Médias et journalistes des banlieues : comment écrire ensemble une nouvelle page de l’histoire de France ?

Depuis plus de 20 ans, médias et journalistes issus des quartiers tirent la sonnette d’alarme, souvent en vain. Il faut que les médias grand public s’ouvrent à ces lanceurs d’alerte car ils connaissent mieux la nouvelle société qui émerge. Leur proximité avec elle est un atout. Pour parvenir à ce nouveau récit commun, un mariage de la presse de quartier et du reste de la presse est indispensable.

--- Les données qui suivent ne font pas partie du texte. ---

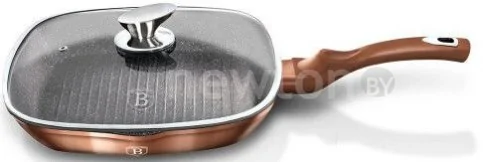 Сковорода-гриль Berlinger Haus Rosegold Line BH-1610N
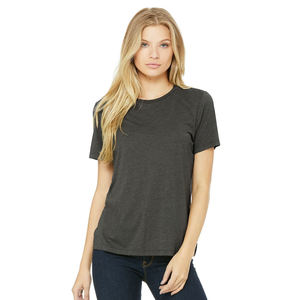 T-shirt pour femmes, doux, respirant, décontracté, pour l'été, vêtements de rue pour tous les jours - Product Image 1
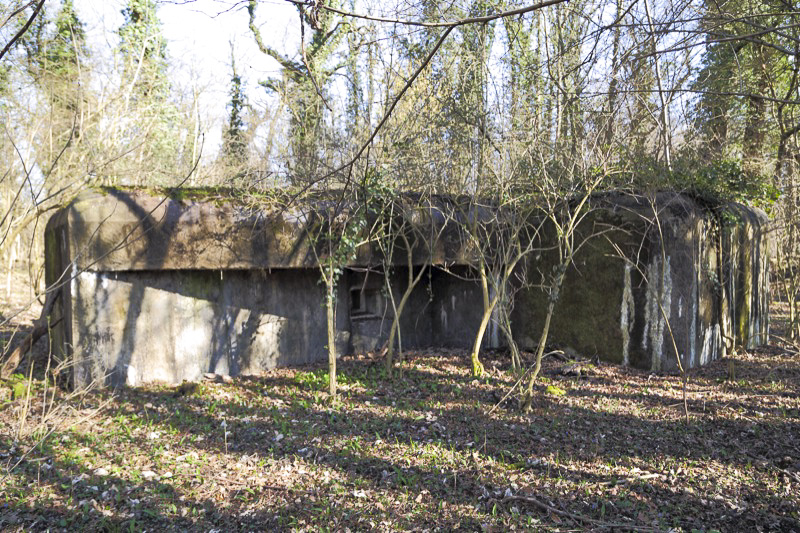 Ligne Maginot - 1 - UNTERJAEGERHOF - (PC de Sous-Quartier) -  - A. SCHOEN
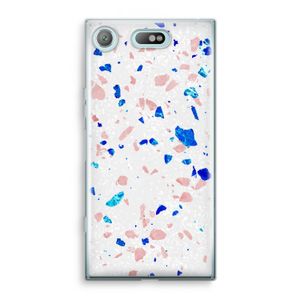 Terrazzo N°6: Sony Xperia XZ1 Compact Transparant Hoesje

Les alertes aussi bien que les messages d’espoir, il faut tout simplement les dire. Les médias grand public l’ont-ils fait, pour l’instant ? Trop peu : certes, la qualité et la quantité d’informations sur les banlieues ou la diversité, sont allées en s’accroissant. De nouvelles voix se font parfois entende, de nouveaux visages se font voir. Mais bien tard : la presse et les médias traditionnels ne font plus partie du quotidien d’une large fraction du peuple de France. Les opinions se font largement ailleurs. De plus en plus sur les réseaux sociaux et l’Internet où se déchaînent un formidable populisme numérique, une paranoïa identitaire, un séparatisme social facilité par les communautés digitales.
Rien ne changera tant que les mêmes classes sociales et culturelles s’entredéchireront sur les questions identitaires sans laisser la parole à ceux qui sont à la fois vus comme le problème et pourtant sont surtout une part incontournable de la solution. Laissant encore planer le sentiment aux habitants de ces territoires d’être les mal-aimés de la République médiatique.

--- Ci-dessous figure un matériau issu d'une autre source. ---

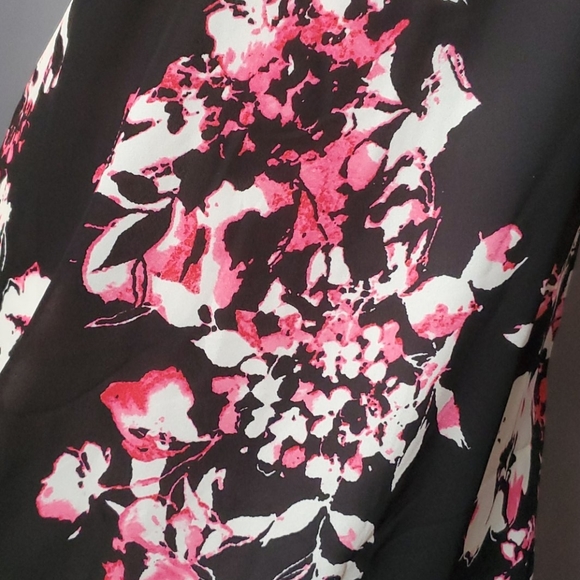 CLEARANCE Stunning Floral A Line Dress - Picture 8 of 10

Il est temps que les médias fassent une place à ces journalistes qui connaissent bien ces territoires, et frappent depuis plus de 10 ans (c’est long !) à leur porte. Qu’ils permettent à ceux qui en sont issus de rentrer dans leurs rédactions, non pas pour rester assignés aux questions liées aux banlieues, mais à tous les sujets qui font l’actualité. Il est temps qu’on ne serve plus ces thématiques et publics sur un plateau une fois de temps à autre à l’occasion de telle ou telle crise pour soigner sa culpabilité. Qu’on arrête de leur jeter un os à ronger épisodiquement, sous-traitant telle rubrique ou telle émission le temps d’un émoi. Il est temps que ces journalistes soient assis à la table de chaque conférence de rédaction. Il est temps que des partenariats durables soient réalisés entre la presse grand public et les médias issus de ces quartiers, afin que les uns et les autres entrent en symbiose et ne se contentent plus de vivre côte à côte en s’ignorant.

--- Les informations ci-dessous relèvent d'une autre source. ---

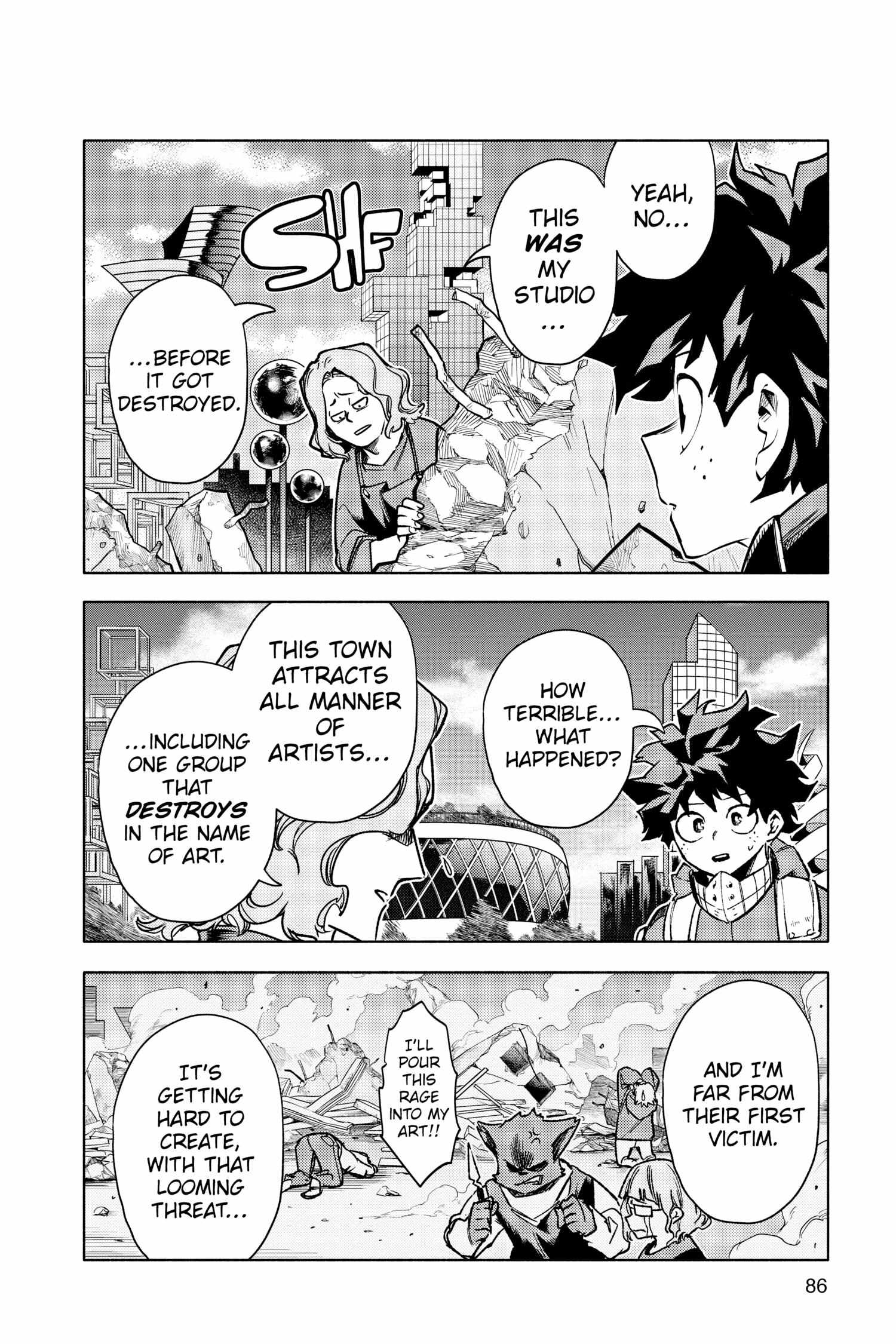 My Hero Academia - Team-Up Missions - Chapter 27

Il est temps surtout que les médias ne traitent plus ces sujets de manière périphérique, occasionnelle, mais de manière centrale, permanente. Et s’interrogent sur leur travail : doit-on continuer à multiplier les canaux déjà saturés de l’info continu ? Comment rationaliser les réseaux sociaux et aider à leur intermédiation, à leur juste modération ? La dématérialisation est-elle la solution, ou au contraire la proximité, l’incarnation de la diversité des visages et des messages, la juste représentation des opinions et conditions de vie par ceux qui les connaissent ? Et dans ce cadre, comment accélérer le développement des médias de proximité, en partenariat avec les autres médias ou de manière autonome ?
Pour contrer le ferment de la division qui pèsera dans les mois à venir et que recherchent les djihadistes, il faudra non seulement vivre mais aussi travailler ensemble. Se marier. C’est à de tels mariages que nous appelons, y compris dans les médias. C’est ainsi que l’on pourra enfin écrire avec ces médias renouvelés une nouvelle page de l’histoire de France.